Here is how my decision progression has gone thus far: 

- A big issue for me has been the tightness of the track plan. I started out planning on Aristo Wide Radius (5'R) turnouts, not wishing to go below that radius because of experience shared here. 
- I was really bummed that no one made #5's, that would have fit in nicely. 
- I learned that #6's wouldn't fit in most places. 
- Wanting fewer derailments (per a prior thread), I've been avoiding #4's for the mainline. 
- So that made me like the R3 (~4'R) & R7 (~7'R) turnouts from Train Li, because their geometry seemed better suited. 
- I even bought samples, and carefully measured them. 
- Per your web site Greg, I'd gone with "nickel" track in the budget 
- But I didn't comprehend the big diff between nickel plating and solid nickel silver.

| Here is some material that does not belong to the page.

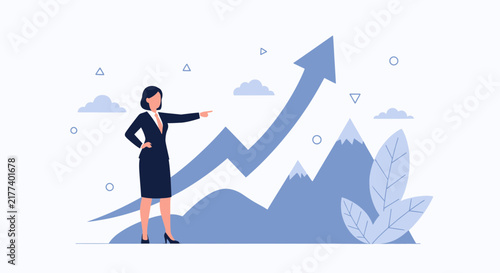 Businesswoman Points to Upward Trend Arrow and Mountain Peaks Symbolizing Growth and Success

THANKS JIM and GREG! 
- Anyway, I just went to your site Greg, saw the mention of SwitchCrafters at the bottom of your track page, went there, and low and behold, their NS turnouts are much cheaper than what I was budgeting for! 
- But, theirs are #4 and #6. 
- So I'm back to the geometry issues, and facing handlaying. Which might be cool. 
- Anyway, I just emailed SwitchCrafters for some dimensions.
- And you can bet I'm doing a what-if in my budget spreadsheet! 

Geometrically, I'll see if I can pull things off with #4's and #6's. I was planning on using R7's on the mainline, and R3's only on spur / yard situations, so maybe it will work out ok anyway? We'll see. 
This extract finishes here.